Regaining Lost Social Skills for Kids With Autism

We are all recognizing the loss of social skills during the pandemic. An expert at Bright Behavior Therapy shares why this is a problem for kids with autism, and what to do about it.

With vaccines widely available and pandemic mandates lifting, we’re all coming out of social isolation with a new understanding of what it means to lose social skills. For kids on the autism spectrum, these losses can be more detrimental, says Board Certified Behavior Analyst Eman Hamdan, Clinical Director at Bright Behavior Therapy. Hamdan and her colleague, Clinical Manager Sonia Salman, BCBA, help children, teens and young adults with autism through ABA therapy at Bright Behavior Therapy in Dearborn.

“During this pandemic, children with autism have lost the ability to comfortably start conversations with children their age and with older peers,” Hamdan says. “They’ve lost social skills related to playing outdoor activities with other children and some have forgotten how to ride their bikes.”

Even older kids who have learned activities of daily living such as the routines of shopping, paying for purchases with money and receiving the right change have experienced a decline in their skills, Hamdan says.

Potential long-term effects

While these skills can be regained through work in an ABA therapy environment, parents should pay careful attention to what skills their children may have lost during this long spell of isolation and work with their ABA therapist to supplement these efforts at home. “Losing these skills can hurt a child with autism spectrum disorder (ASD) in the long term, especially when going back to school and making new friends or when going to college and finding a job,” Hamdan says.

Some kids with autism who have spent long months with limited social interaction and increased screen time have effectively retreated to the comfort of electronics, says Hamdan. “This can decrease relationship-building skills for these kids. Some children start engaging in stimming behaviors like hand flapping when watching TV or on electronics. If they are constantly on electronics and not getting any social skills, it could increase their stimming behaviors,” she says.

Parents who are familiar with the task of redirecting their child away from electronic devices and toward social interactions understand how difficult this is. “This can cause more aggression by the child toward the parents and others,” Hamdan explains.

What to work on at home

A concentrated effort toward rebuilding social skills at home will pay off in other situations, so it’s worth encouraging increased social interaction, particularly to practice those skills you’ve noticed are gone.
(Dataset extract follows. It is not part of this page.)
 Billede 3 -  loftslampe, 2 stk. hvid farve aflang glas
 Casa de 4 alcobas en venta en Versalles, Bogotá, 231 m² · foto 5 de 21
Games are a great way to get the whole family back into a social mood, Hamdan says.

“Parents can play board games with their children, and if they have siblings, they can play games like Guess Who? or charades,” Hamdan suggests. “Or the whole family can go to the park where there are other children. Prompt your child to approach other kids and ask to play with them.”
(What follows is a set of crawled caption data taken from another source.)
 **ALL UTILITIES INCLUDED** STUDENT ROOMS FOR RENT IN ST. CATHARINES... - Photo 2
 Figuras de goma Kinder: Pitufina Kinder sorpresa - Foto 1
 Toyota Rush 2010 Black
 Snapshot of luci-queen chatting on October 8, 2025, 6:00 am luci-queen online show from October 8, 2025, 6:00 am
And, as we are once again going out to restaurants and stores, use this opportunity to help your child regain lost skills — or learn new ones. “When going out to eat, have your child order their own food if they are able to. Also, when going shopping, teach your child how to pay,” says Hamdan.

Model desired behaviors

If your child resists your efforts to build their social skills, show them how it’s done, then encourage them to try it too, suggests Hamdan.
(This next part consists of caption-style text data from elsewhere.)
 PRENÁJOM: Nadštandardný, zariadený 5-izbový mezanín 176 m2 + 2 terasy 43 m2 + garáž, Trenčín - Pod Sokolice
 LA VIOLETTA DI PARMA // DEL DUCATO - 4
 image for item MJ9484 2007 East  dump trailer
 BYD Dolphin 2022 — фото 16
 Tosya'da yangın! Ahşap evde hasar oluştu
“Parents can model how to play a game and prompt the child throughout to teach them what to do and how to play,” she says. By practicing taking turns and sharing encouragement, kids can learn how to cooperate. “Parents can model a task and then have their child do it right after. Be prepared to prompt your child, as needed.”

ABA therapy can help

When helping a child with autism regain social skills that were lost due to lack of use during the pandemic’s extended isolation, parents are likely to find the best success if they work in tandem with their child’s ABA therapist.

Because it is highly individualized, “ABA therapy will target the skill that needs to be learned or relearned by working one-on-one with the child until they regain that skill,” Hamdan says.

By practicing skills in the therapy center and at home, a child with autism will learn that they can apply social skills in a variety of environments.

“Our goal is to work with the child until they regain that skill, not just in an ABA setting, but also in different settings,” Hamdan says. “If a child decreases in some areas, their ABA therapist will go back to that specific task and reteach it.”